Festival of French life in the reel world

WE won’t disappoint our readers. Yes, Gerard Depardieu will appear in The 24th Alliance Française French Film Festival, returning as the enormous Obelix in the kids’ film “Asterix and Obelix in Britain.” Believe it or not, Catherine Deneuve plays Queen Cordelia of England, complete with corgis.

It’s not exactly the film that the Alliance Française’s new director-general, Isabelle Faure, would choose to highlight, but it does serve to demonstrate the scope of this, the biggest French film festival in the world outside France, with 43 films this year.

The festival has been curated by Emmanuelle Denavit-Feller, French cultural attaché in Sydney, who says the program embraces “such subjects as love, power, the ties that bind and many other themes that shine a light on day-to-day French life as it changes and grows.”
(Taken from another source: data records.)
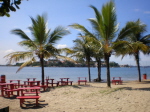 Vitoria Beach Palmen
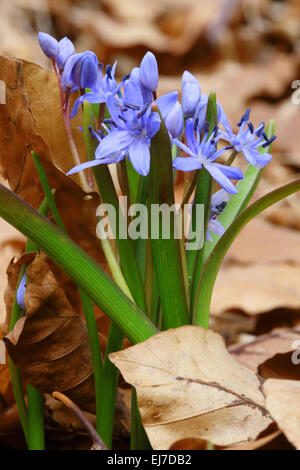 Alpine squill, Scilla bifolia Foto Stock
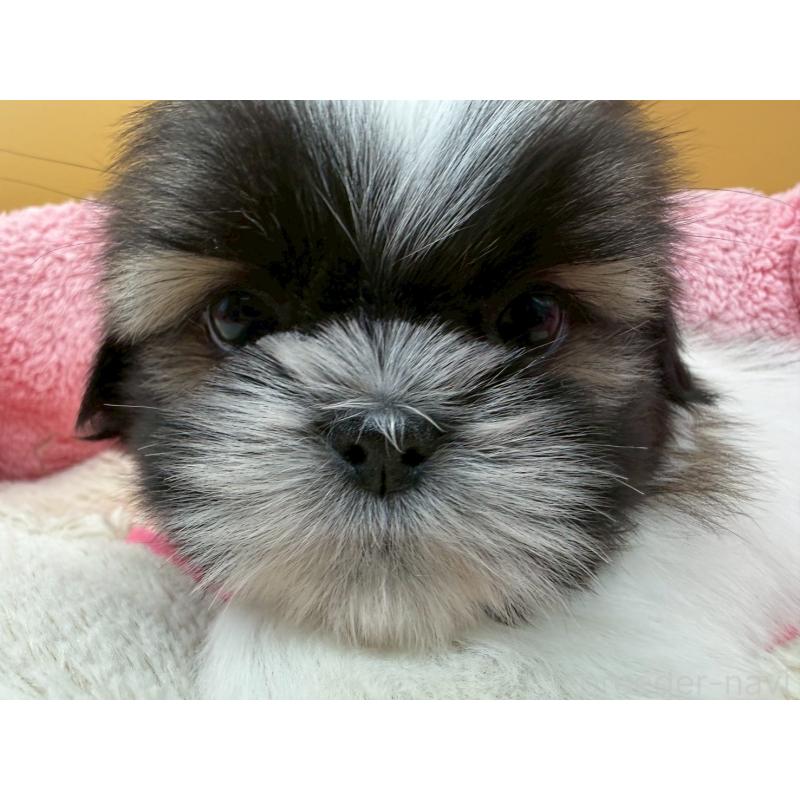 販売中の東京都のシーズー-445282の5枚目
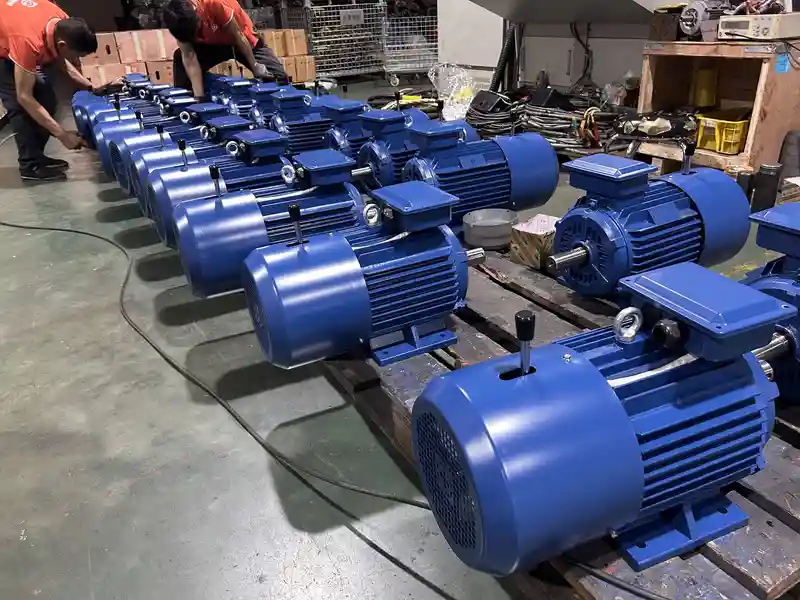 WEG South Africa brake motor procurement image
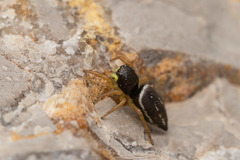Heliophanus melinus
Madame Faure praises her selection of the top 2012 French movies, believing the festival will offer “dynamism, innovation and style to the city’s discerning audience”. Proof of that discernment is that once again we’ll get to see the full program.

If Depardieu and Deneuve are French clichés, then so is food, so it’s no surprise that the opening night offering is the “deliciously appetising” comedy “Haute Cuisine”, (Les saveurs du palais) based on the true story of Danièle Mazet-Delpeuch, private chef to President François Mitterrand, who will be here for the opening.

For closing night, what better than a restored version of Marcel Carné’s 1945 period romance, “Les enfants du paradis” (Children of Paradise), “ the greatest French film of all time”.

A scene from the French film "Les enfants du paradis"
A scene from the French film “Les enfants du paradis” (Children of Paradise).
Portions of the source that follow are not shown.